Actuellement, je travaille pour Slate.fr et Initial studio (filiale slate) et en parallèle je continue à faire des missions pour France culture.


Slate:

Je travaille avec le Directeur Général, je réalise des missions de développement du média, j’essaie de mettre à disposition la force de frappe de Slate pour des marques et des institutions. Concrètement, je recherche des partenaires susceptibles de parler au lectorat de Slate, et ensuite je monte toute une équipe autour de ce projet.

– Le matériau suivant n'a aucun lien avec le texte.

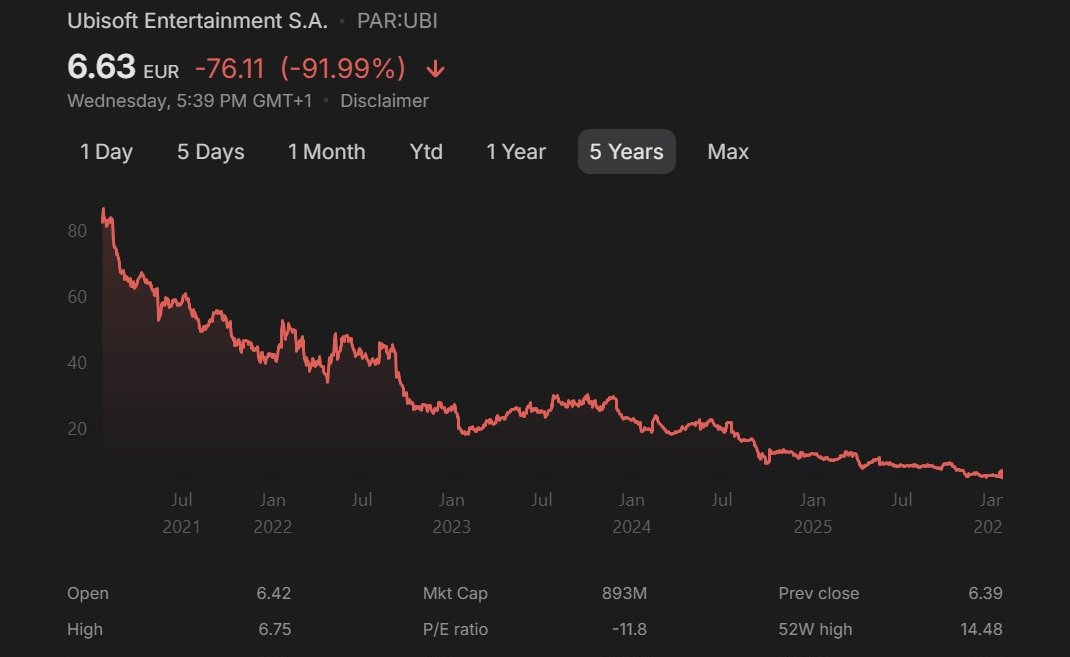 Pirat_Nation's tweet image. Ubisoft has canceled six games and delayed seven others to ensure quality.

The company will announce additional layoffs on February 12.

A l’origine, Slate, c’est principalement des articles et des podcasts à partir de 2016. Aujourd’hui, afin de toucher notre audience, on passe par l’écrit, le podcast, la photo. Finalement, je suis chargé de valoriser au mieux les compétences et la force de Slate.


Podcasts

Il faut savoir que le marché du podcast est encore un peu un no man’s land qui commence seulement à se structurer. Il y a notamment un travail énorme autour du statut des auteurs de podcast (sécurisation) ainsi qu’un enjeu de monétisation. Chez Slate, on dénombre une quinzaine de podcasts récurrents, et mon but est d’avoir des commerciaux qui puissent vendre les espaces publicitaires pour rendre le podcast rentable (sachant qu’aujourd’hui, aucune entreprise de podcast n’est vraiment rentable).


Deux modèles de fonctionnement de publicité dans le podcast :

1/ Publicité au début et/ou à la fin du podcast (régie interne, trouver des annonceurs, apparition de régies podcasts)

2/ Sponsoring : système plus avantageux financièrement, une marque qui sponsorise le podcast et qui va presque l’incarner (pub intégrée au programme et c’est le présentateur qui mentionne le sponsor)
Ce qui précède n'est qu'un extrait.